The discussion below demonstrates the importance of this metric to a contact center’s success, offers strategies to improve outcomes, and provides benchmarks for contact centers to meet and exceed.
How Do Contact Centers Perform Today?
Regardless of the age, maturity, or scope of the contact center, leadership teams tend to concentrate more on reducing staff than on reducing calls.
Some patients are calling their clinic as many as five times per appointment scheduled. Although this includes nonappointing calls, such as clinical questions and refill requests, the volume illustrates contact center inefficiency.
Organizations differ in the number of calls received per appointment by as much as double, independent of the services offered. In the table above, Organization Three could be spending twice as much on staffing as Organization Two. Not only is Organization Three spending hundreds of thousands of dollars in excess staffing costs, but also its patients are likely encountering a poor experience calling into the contact center this often.

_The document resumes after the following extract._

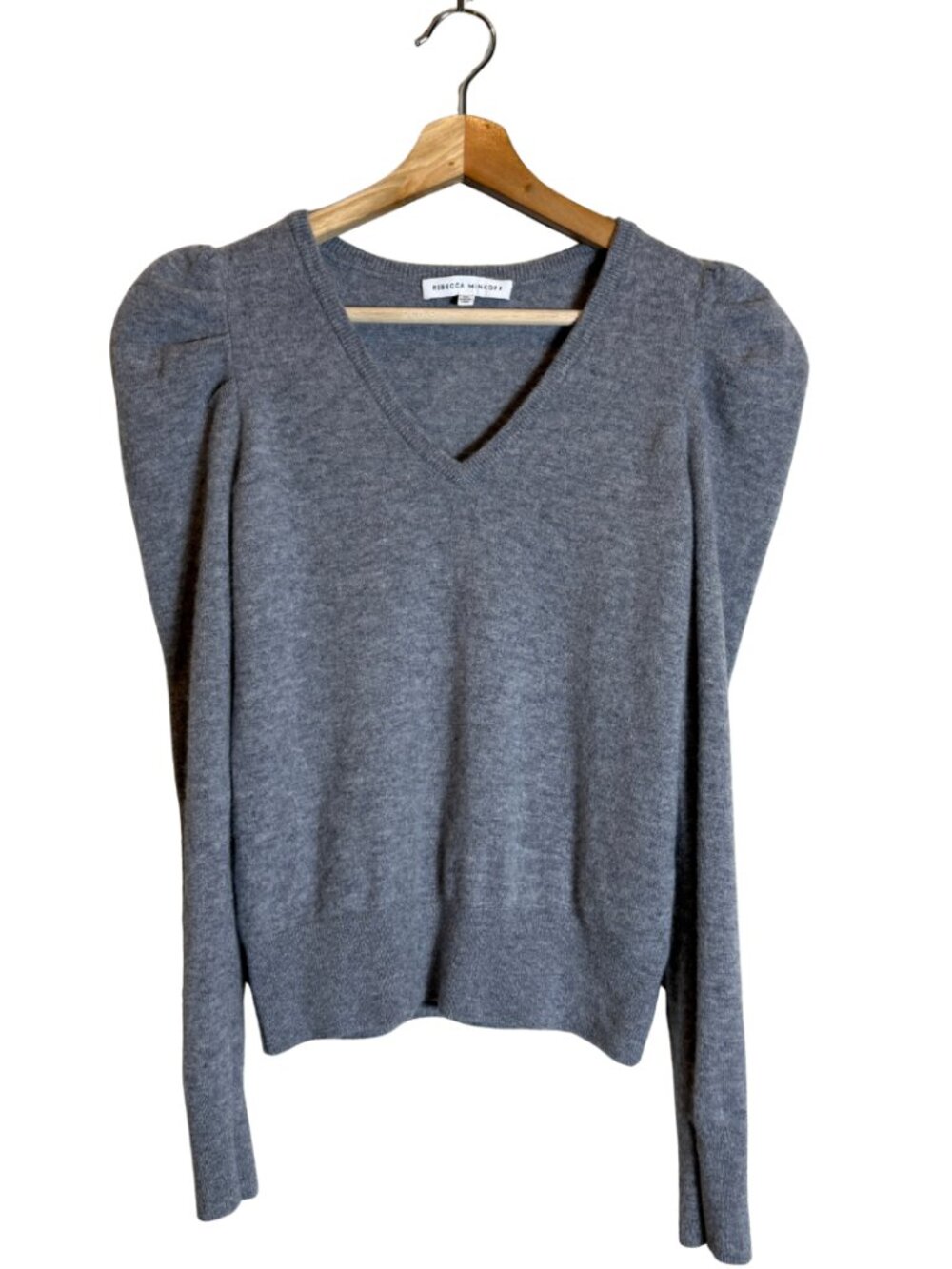 Rebecca Minkoff Janine Wool Puff Sleeve V-Neck Sweater Pullover Women's XS Gray - Picture 4 of 15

The reason this number is not one call per appointment is because most calls to a contact center are nonappointing. On average, about 30%–40% of incoming calls to an outpatient clinic are to schedule an appointment. As such, even contact centers with best practice workflows and a breadth of communication technology will not be able to schedule services on more than half of their calls.

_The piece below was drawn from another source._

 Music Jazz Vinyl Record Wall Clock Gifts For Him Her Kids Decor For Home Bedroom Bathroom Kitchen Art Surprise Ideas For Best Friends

Strategies for Contact Center Call Reduction
Using a combination of refined workflows, added services, and supplemental communication channels, contact centers can reduce their incoming calls to best practice levels.
Refine Workflows
Contact centers should strive for one-call resolutions. Most calls can be resolved immediately, or even prevented, given the proper tools and workflows. These can include:
- A robust internal knowledge management system that allows representatives to answer patient questions and schedule appointments without messaging the clinic.
- Open appointment availability and patient access with minimal scheduling restrictions to avoid contacting the clinic.

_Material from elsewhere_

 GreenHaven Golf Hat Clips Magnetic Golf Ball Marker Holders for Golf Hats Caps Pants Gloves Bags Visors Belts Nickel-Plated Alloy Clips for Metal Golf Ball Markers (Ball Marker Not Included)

- Documentation of results and communication from the clinic to patients, so when patients call back, the contact center can effectively relay the message.
- Strong relationships between the contact center and the provider care team.
By simplifying workflows and empowering agents to resolve calls, contact centers can reduce the instances of patients calling a second or third time about the same inquiry.
Offer Value-Added Services
Most contact centers begin with appointment scheduling and care team messaging and graduate to advanced services over time. Advanced services reduce the number of calls to the contact center and clinic by handling multiple inquiries with one call. Contact centers can add more services such as:
- Diagnostic imaging scheduling
- Marketing and find-a-doc
- Nurse triage and advice
- After-hours answering service
- Referral coordination
- Prescription refill support
- Outreach services
When centrally located, these services can be offered simultaneously, allowing patients to complete all of their health-related needs in one call.
Provide Multiple Communication Channels
An omnichannel strategy can have a profound effect on reducing a contact center’s call volume. Health systems are moving away from telephone communication and toward internet and video channels. Communication methods such as live chat, patient portals, automated messages, and e-visits can be centrally maintained and administered.
Consider the patient who encounters a new symptom and needs to talk to his care team (below). Instead of spending time on the phone, this patient’s care journey involves a live chat, the patient portal, and an e-visit; no calls were made to the contact center. Given the technology and support from clinics, patient-centric communication can reduce incoming calls drastically.
What Will These Improvements Mean for My Organization?
Calls per scheduled activity is an underreported metric that will help improve contact center efficiency and productivity. Consumers will recognize and appreciate the improvements when fewer calls to the office are required and they are empowered to take more control over their own care.
As their contact centers mature, leaders should focus on providing patients with avenues to communicate with their care team on their own terms. Strategies that incorporate workflow optimization, value-added services, and multiple communication channels will also save contact centers on staffing costs.
Building the Contact Center of the Future
Leadership teams of contact centers should begin exploring the strategies discussed to reduce their calls per scheduled activity to 2.5 and below. In doing so, contact centers will enhance the patient experience, promote efficiency and productivity, and reduce costs.